[[ Task input, beginning ]]

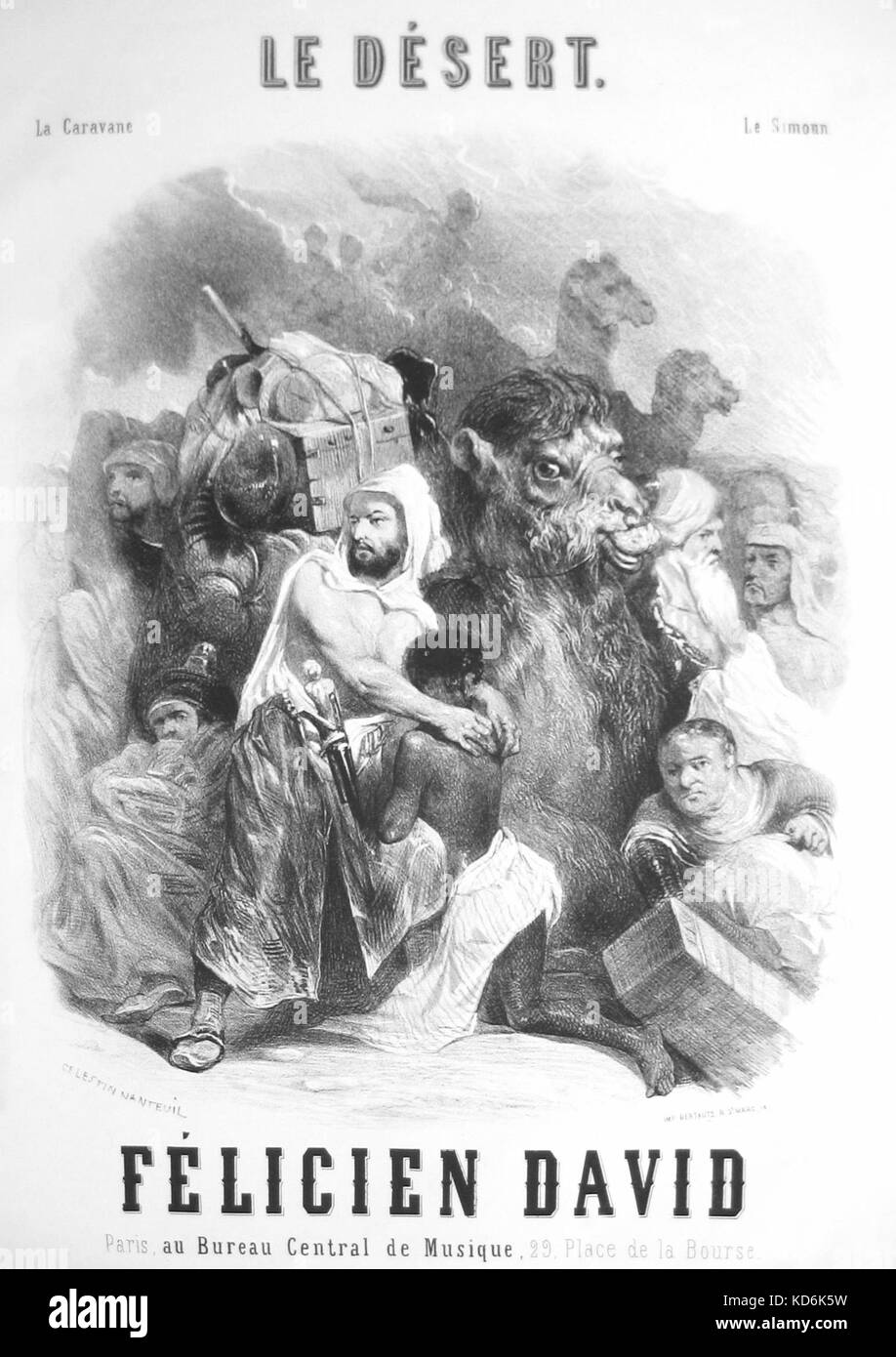 Félicien David score cover for Le Désert  - composed music for poem by MA Colim.  Drawing on score cover by C. Nanteuil. Published Mayence, B.Schott. French composer 1810-1876 Stock Photo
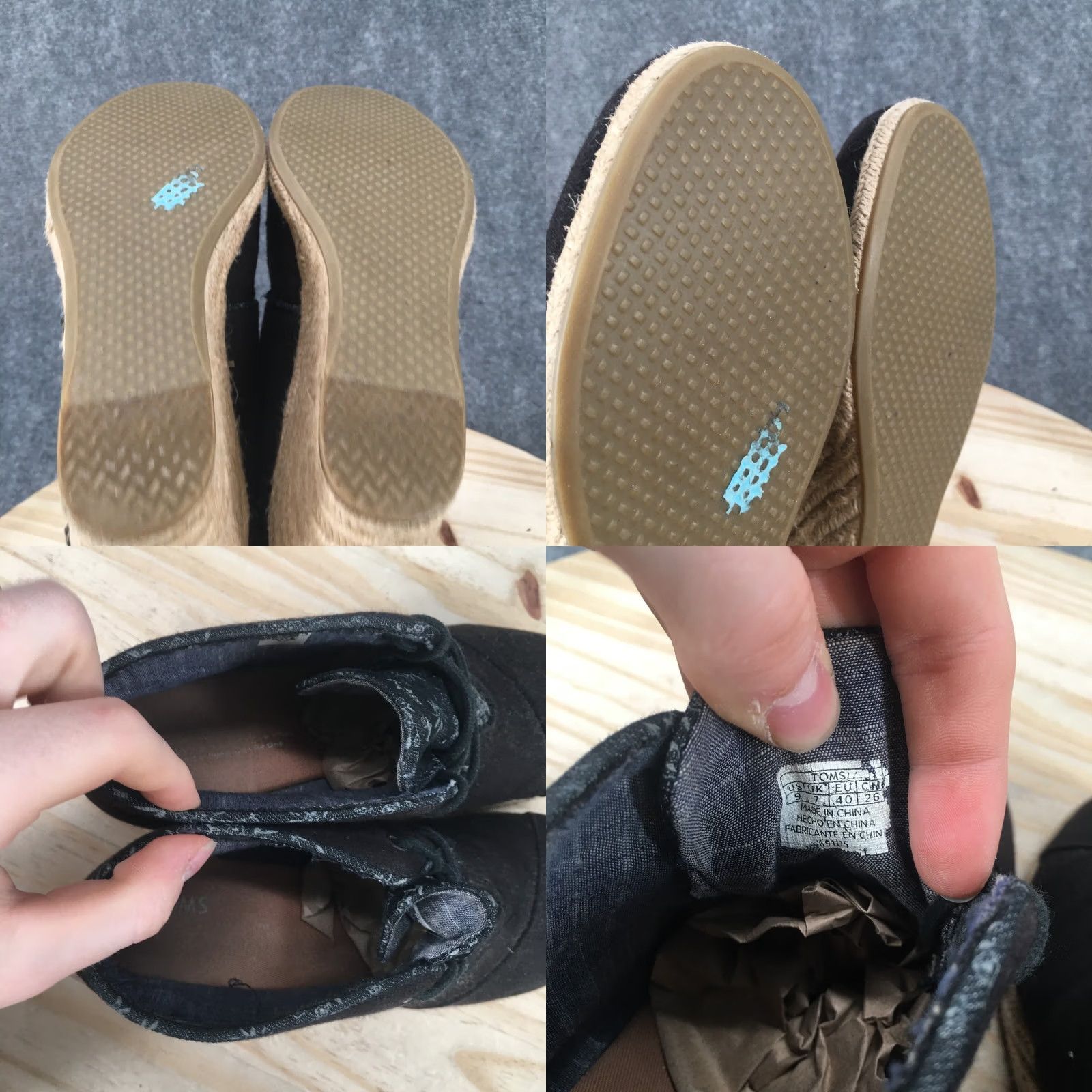 Toms TOMS Boots Womens 9 Casual Desert Espadrille Wedge Ankle Bootie Black Fabric Shoes Women Infrared? Size US 9 / IT 39 - 9 Thumbnail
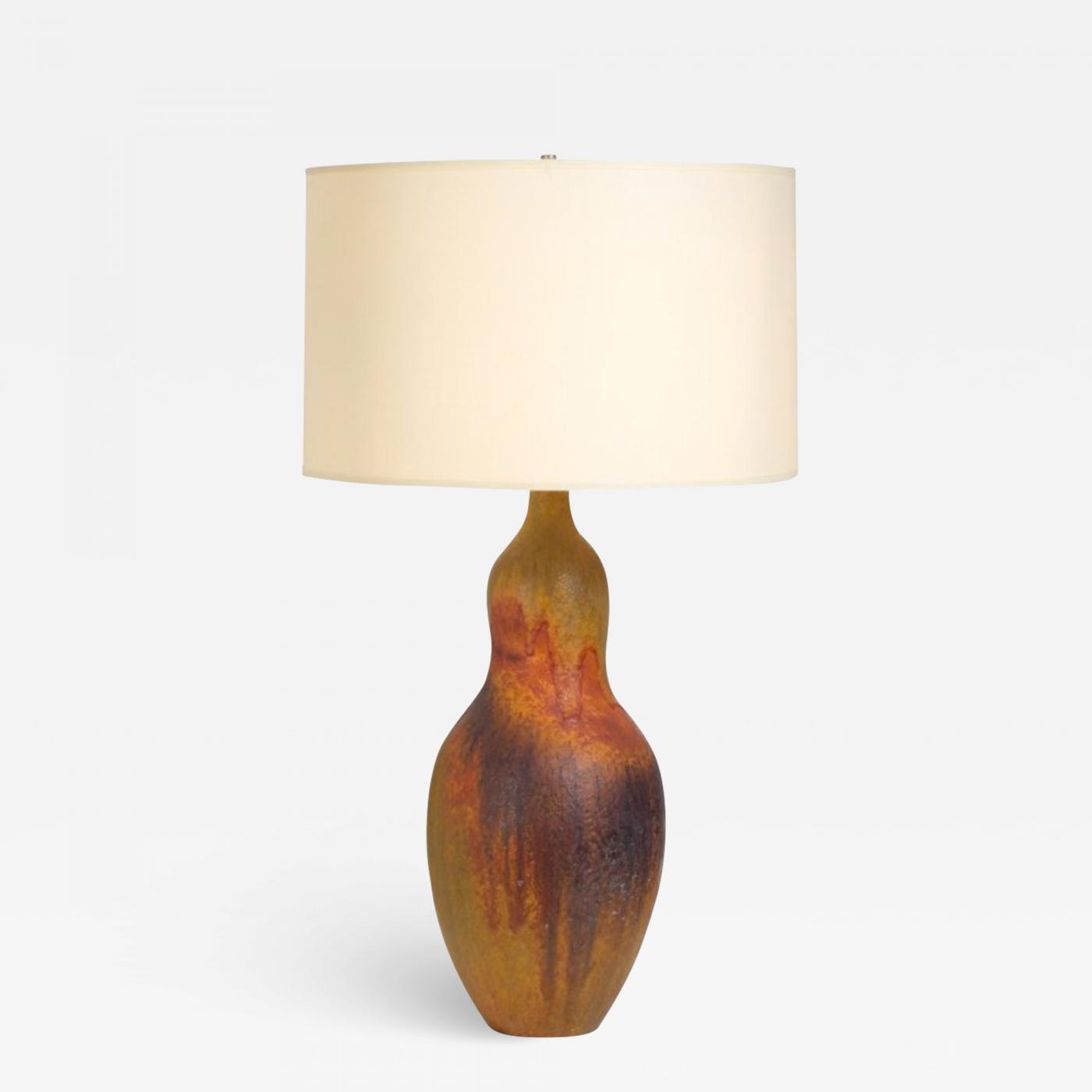Earth Tone Gourd Shape Table Lamp By Fantoni For Raymor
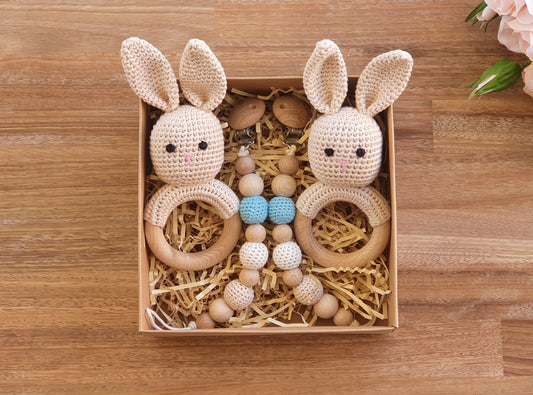 Twin Baby Gift Box / Baby Gift Box, Crochet Rabbit Rattle, Pacifier chain
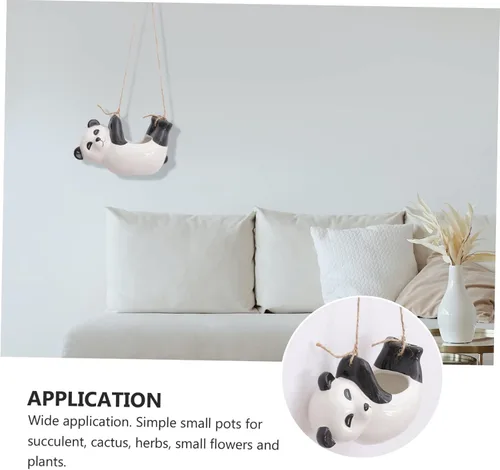 Vista 4 de Happyyami Maceta colgante de panda para montar en la pared, florero para interiores, decoración de habitación asética de cerámica, macetas colgantes
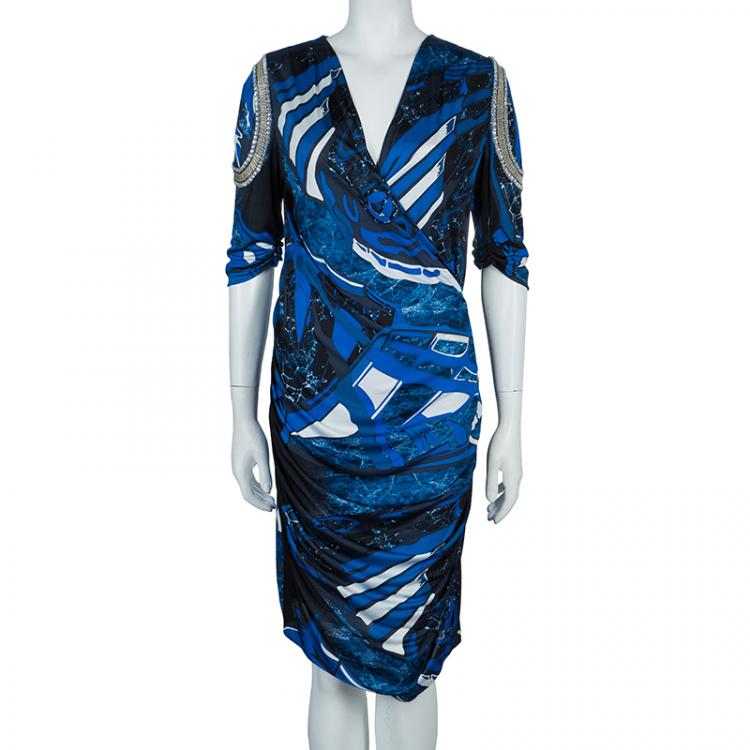 Pre Owned Emilio Pucci Blue Printed Embellished Sleeve Detail Ruched Side Knit Dress L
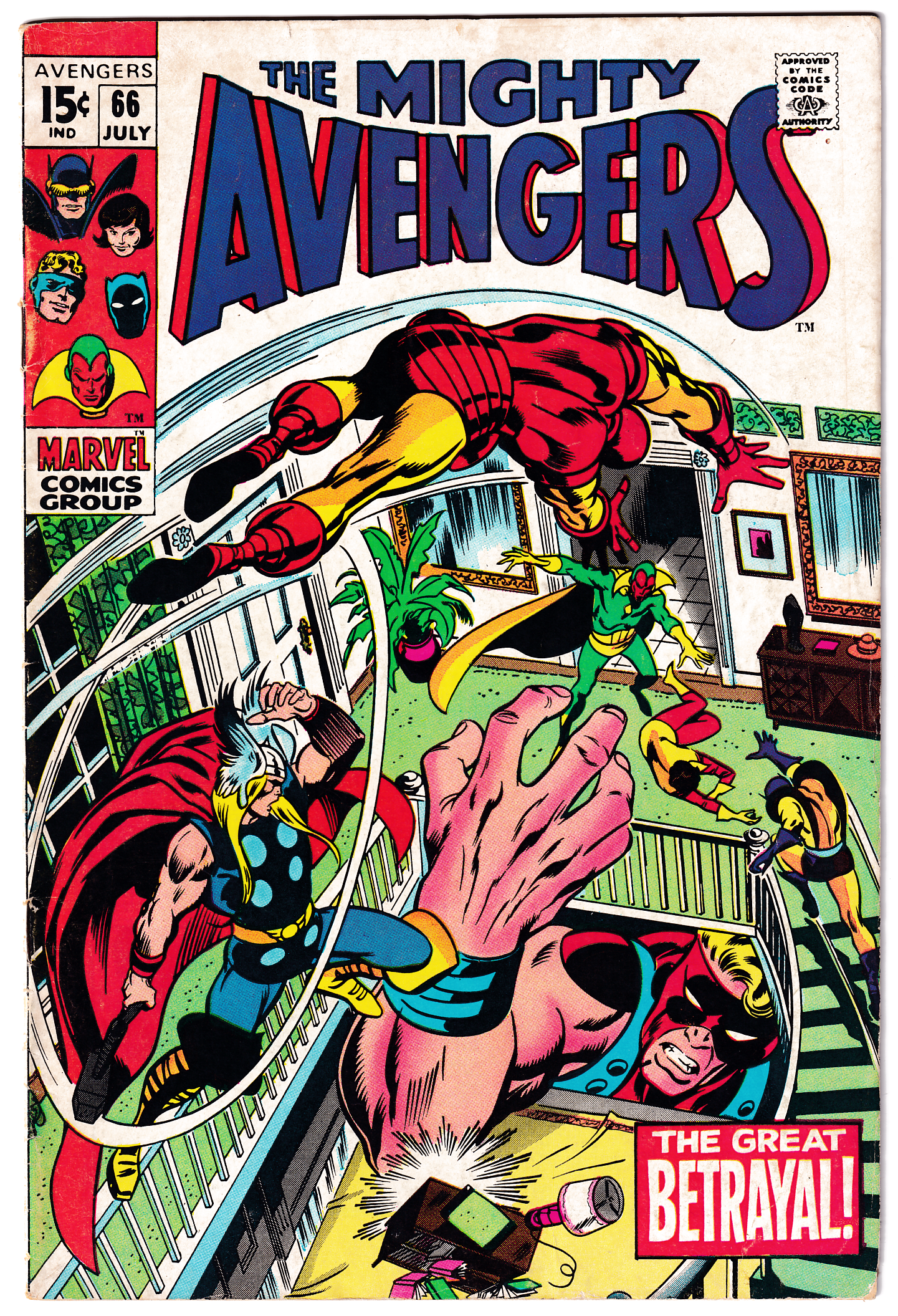 AVENGERS #66 FN- (5.5) 1st. app. ADAMANTIUM and ULTRON-6! 1969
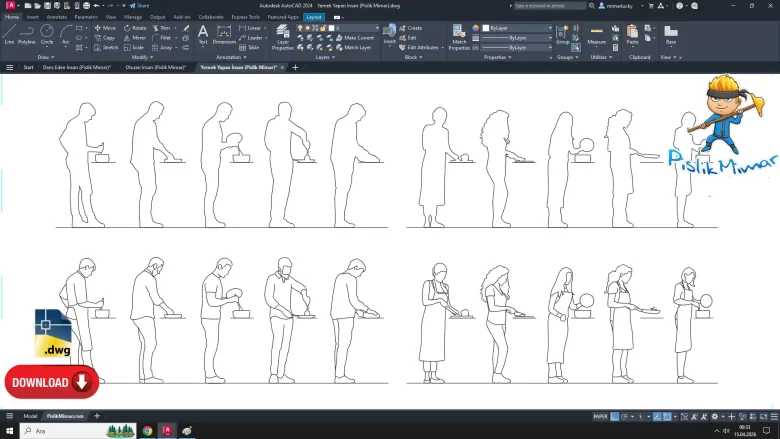 Yemek yapan insan dwg çizimi, Person Cooking dwg, cad blocks free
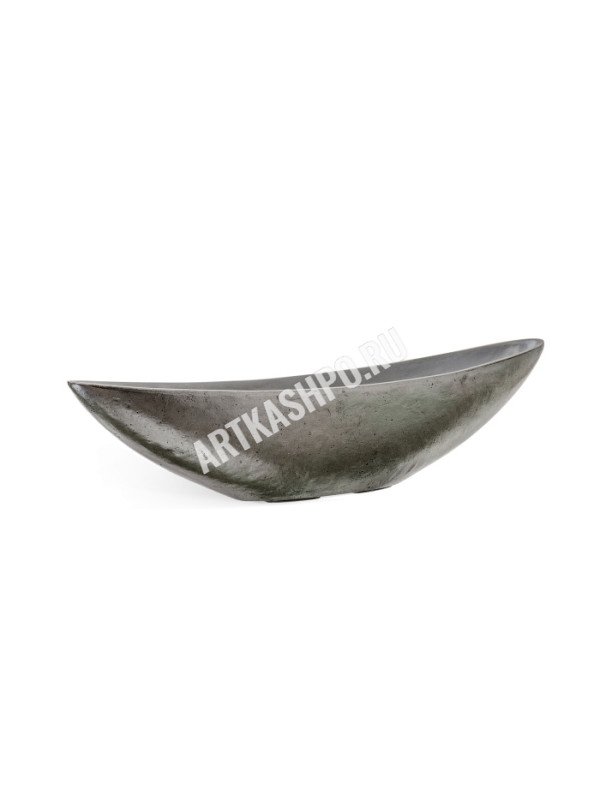 Кашпо TREEZ Effectory Metal Лодка длинная Стальное серебро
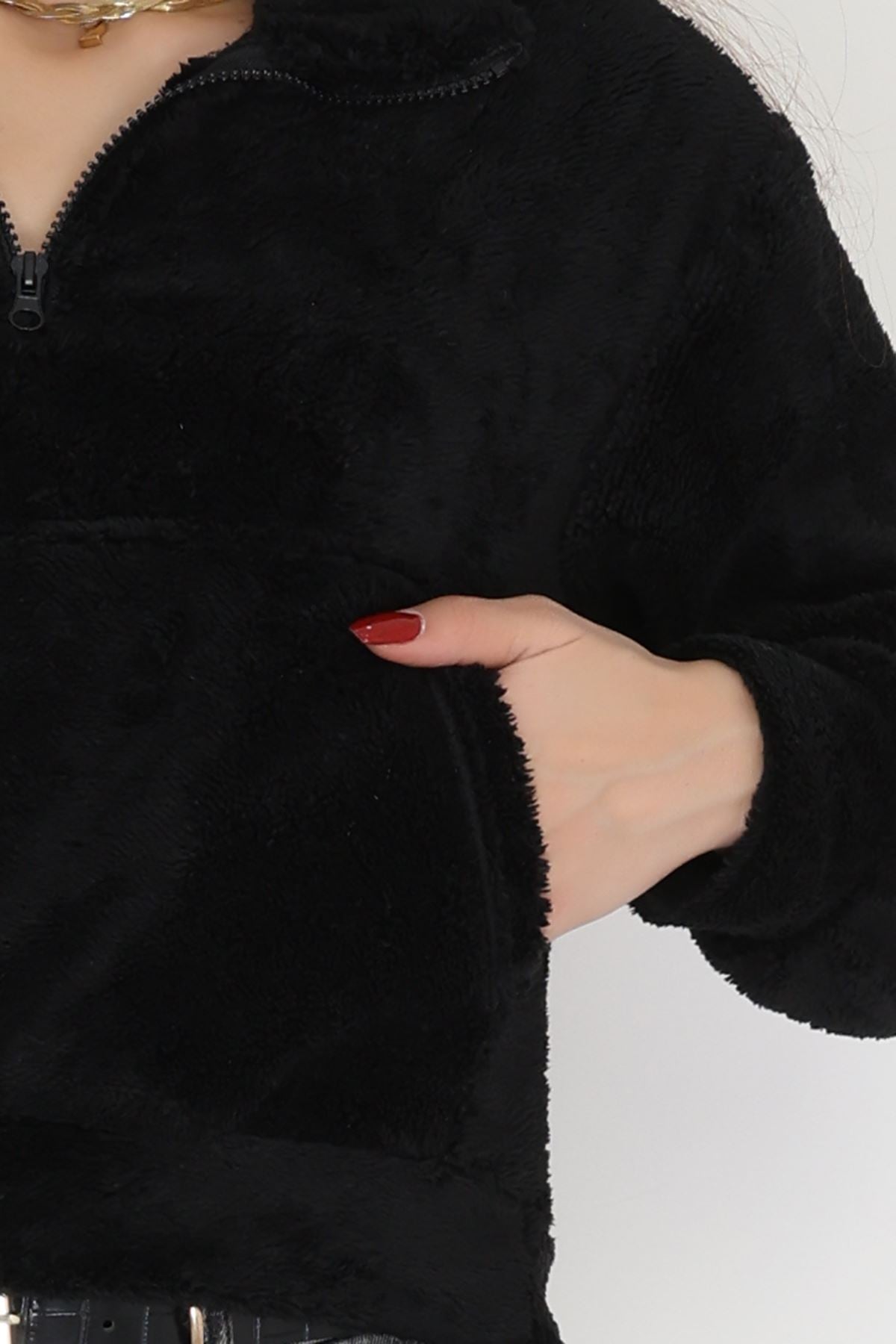 Peluş Sweat Siyah - 31256.1872.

[[ Task input, end ]]

- Exercise brief
The records above must be output exactly, except for the pictures.

- Written response
 Félicien David score cover for Le Désert  - composed music for poem by MA Colim.  Drawing on score cover by C. Nanteuil. Published Mayence, B.Schott. French composer 1810-1876 Stock Photo
 Toms TOMS Boots Womens 9 Casual Desert Espadrille Wedge Ankle Bootie Black Fabric Shoes Women Infrared? Size US 9 / IT 39 - 9 Thumbnail
Earth Tone Gourd Shape Table Lamp By Fantoni For Raymor
 Twin Baby Gift Box / Baby Gift Box, Crochet Rabbit Rattle, Pacifier chain
 Vista 4 de Happyyami Maceta colgante de panda para montar en la pared, florero para interiores, decoración de habitación asética de cerámica, macetas colgantes
 Pre Owned Emilio Pucci Blue Printed Embellished Sleeve Detail Ruched Side Knit Dress L
 AVENGERS #66 FN- (5.5) 1st. app. ADAMANTIUM and ULTRON-6! 1969
 Yemek yapan insan dwg çizimi, Person Cooking dwg, cad blocks free
 Кашпо TREEZ Effectory Metal Лодка длинная Стальное серебро
 Peluş Sweat Siyah - 31256.1872.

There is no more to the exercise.